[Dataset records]
........
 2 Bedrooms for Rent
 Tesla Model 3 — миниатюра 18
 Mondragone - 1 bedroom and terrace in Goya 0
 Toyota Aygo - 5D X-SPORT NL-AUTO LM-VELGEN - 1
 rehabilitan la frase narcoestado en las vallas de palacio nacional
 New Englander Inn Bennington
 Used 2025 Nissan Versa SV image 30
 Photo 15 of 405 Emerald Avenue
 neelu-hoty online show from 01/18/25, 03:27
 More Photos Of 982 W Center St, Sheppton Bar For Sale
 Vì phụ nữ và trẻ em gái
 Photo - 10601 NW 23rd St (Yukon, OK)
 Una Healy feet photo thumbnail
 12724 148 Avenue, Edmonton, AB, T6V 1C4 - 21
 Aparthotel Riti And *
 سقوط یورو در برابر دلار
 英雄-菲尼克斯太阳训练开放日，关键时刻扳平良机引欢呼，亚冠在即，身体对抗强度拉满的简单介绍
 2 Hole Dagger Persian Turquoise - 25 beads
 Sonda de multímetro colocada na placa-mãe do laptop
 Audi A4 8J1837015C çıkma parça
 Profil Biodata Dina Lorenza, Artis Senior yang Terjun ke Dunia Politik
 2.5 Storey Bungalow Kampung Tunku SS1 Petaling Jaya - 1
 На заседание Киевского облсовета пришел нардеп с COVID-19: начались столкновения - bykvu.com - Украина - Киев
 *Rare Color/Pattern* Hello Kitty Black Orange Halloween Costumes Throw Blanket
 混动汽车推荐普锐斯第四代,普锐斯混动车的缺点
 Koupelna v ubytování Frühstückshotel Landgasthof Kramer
........
**What is needed:** Looking back over the records above, in how many lines does the word "Avenue" occur? Give the number alone.

**Written solution:** 2